- **Exercise instructions**
Go through the records and filter out every line lacking the word "Stainless"; copy the lines that remain.

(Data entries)
* * * * * * *

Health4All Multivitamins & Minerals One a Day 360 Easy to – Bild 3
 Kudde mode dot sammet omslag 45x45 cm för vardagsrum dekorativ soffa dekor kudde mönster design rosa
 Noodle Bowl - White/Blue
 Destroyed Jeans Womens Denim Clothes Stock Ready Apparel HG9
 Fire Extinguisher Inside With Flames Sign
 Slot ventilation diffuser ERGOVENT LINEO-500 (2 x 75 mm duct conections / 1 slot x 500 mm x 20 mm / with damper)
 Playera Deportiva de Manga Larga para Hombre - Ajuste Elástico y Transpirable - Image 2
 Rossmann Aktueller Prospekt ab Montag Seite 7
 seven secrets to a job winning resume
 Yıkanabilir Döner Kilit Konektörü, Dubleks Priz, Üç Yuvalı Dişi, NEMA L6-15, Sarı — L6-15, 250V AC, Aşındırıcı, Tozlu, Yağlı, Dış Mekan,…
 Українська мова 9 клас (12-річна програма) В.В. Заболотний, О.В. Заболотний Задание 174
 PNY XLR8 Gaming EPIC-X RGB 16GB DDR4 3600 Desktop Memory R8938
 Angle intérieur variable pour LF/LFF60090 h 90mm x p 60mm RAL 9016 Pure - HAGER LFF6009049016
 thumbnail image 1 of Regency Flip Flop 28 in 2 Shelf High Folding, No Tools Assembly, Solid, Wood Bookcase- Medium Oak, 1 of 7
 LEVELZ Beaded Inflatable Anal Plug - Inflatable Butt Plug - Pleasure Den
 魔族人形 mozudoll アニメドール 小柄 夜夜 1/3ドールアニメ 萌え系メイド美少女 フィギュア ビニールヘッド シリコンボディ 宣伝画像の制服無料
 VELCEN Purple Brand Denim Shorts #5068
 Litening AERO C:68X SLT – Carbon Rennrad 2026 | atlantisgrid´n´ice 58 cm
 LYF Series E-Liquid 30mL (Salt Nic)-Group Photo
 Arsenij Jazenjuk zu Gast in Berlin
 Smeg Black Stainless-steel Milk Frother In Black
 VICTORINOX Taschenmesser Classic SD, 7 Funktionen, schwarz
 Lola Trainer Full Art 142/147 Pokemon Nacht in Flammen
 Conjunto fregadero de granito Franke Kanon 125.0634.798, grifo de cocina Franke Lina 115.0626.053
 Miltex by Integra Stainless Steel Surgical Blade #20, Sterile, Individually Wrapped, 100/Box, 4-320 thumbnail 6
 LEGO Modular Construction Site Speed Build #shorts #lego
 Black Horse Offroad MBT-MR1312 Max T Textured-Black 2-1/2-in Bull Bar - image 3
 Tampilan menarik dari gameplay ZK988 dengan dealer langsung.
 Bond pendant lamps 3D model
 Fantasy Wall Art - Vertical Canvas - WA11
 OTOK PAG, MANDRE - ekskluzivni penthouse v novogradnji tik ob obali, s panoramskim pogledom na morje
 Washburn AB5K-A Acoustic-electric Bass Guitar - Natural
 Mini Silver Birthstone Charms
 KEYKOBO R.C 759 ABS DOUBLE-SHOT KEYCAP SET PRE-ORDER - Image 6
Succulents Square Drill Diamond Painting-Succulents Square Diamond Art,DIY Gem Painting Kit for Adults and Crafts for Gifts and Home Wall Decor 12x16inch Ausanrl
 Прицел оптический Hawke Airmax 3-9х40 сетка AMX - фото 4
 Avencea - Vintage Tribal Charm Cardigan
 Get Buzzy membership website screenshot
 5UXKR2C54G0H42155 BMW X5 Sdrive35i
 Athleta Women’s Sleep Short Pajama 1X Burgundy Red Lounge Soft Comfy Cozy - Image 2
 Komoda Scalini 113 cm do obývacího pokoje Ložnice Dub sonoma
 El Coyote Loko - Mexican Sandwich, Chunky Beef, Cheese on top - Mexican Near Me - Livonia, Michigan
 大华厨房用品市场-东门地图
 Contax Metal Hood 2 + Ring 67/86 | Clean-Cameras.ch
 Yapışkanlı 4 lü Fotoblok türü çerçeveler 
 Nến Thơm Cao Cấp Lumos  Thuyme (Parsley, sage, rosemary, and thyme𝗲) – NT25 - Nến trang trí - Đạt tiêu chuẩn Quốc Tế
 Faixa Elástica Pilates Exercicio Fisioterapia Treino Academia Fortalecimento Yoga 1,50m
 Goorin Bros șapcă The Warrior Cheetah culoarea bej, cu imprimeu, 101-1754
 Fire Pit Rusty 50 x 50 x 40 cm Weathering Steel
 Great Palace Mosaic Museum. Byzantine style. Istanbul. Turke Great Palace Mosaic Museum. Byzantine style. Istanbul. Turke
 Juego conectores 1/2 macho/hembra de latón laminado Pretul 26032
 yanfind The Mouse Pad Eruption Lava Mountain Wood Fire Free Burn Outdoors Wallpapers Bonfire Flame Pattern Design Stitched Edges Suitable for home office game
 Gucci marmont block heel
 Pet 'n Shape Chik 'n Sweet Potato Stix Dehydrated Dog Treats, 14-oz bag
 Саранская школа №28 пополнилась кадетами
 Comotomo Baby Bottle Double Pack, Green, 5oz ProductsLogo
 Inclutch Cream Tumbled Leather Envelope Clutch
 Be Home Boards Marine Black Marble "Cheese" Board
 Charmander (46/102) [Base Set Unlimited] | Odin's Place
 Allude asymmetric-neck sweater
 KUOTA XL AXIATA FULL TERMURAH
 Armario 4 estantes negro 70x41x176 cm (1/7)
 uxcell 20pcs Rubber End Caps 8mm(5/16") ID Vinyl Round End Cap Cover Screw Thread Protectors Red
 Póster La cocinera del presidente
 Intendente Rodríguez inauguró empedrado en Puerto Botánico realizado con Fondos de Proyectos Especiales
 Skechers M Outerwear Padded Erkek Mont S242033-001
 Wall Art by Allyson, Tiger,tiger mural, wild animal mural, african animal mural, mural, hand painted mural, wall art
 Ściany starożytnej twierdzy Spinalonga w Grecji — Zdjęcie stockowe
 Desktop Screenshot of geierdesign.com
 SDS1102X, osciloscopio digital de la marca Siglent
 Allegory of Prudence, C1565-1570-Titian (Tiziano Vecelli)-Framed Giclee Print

* * * * * * *

- **Task solution**
 Smeg Black Stainless-steel Milk Frother In Black
 Miltex by Integra Stainless Steel Surgical Blade #20, Sterile, Individually Wrapped, 100/Box, 4-320 thumbnail 6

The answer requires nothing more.